Un mois en Amérique du Sud – 1ère étape > Bogota

2 nuits à Bogota pour me remettre de mon voyage depuis Tokyo, même si au final, ce n’est pas grand chose face au petit programme que je me suis concocté… En effet, comment rejoindre Cayenne début mars pour m’envoler vers ma dernière destination? Je me suis fixé quelques petits objectifs et j’ai étudié l’option avec un bon rapport visite/économie/respect du budget :)

Tout commence donc à Bogota, capitale de la Colombie, mégalopole s’étendant du nord au sud sur plusieurs dizaines de km.

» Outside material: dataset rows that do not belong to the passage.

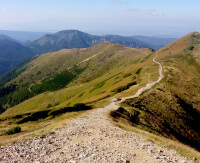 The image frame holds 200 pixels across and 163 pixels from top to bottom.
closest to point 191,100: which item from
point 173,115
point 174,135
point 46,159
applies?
point 173,115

J’ai résidé dans un petit hostel du quartier de la Candaleria, zone touristique de la ville, assez sûre et qui permet d’accéder facilement aux points d’intérêts. En effet, mieux vaut ne pas être trop loin du centre ville si l’on ne veut pas passer sa journée dans les transports en commun. La ville étant en grand travaux (construction de voies de bus réservées) du coup, les embouteillages sont légions! Autant dire que la plupart des habitants se déplacent en bus (très économique, 1400$ le trajet, 80cts) ou taxi (beaucoup plus cher). Du coup, la pollution est impressionnante! Une brume grisâtre recouvre la ville et avec l’altitude, 2700m, ça n’arrange pas les choses.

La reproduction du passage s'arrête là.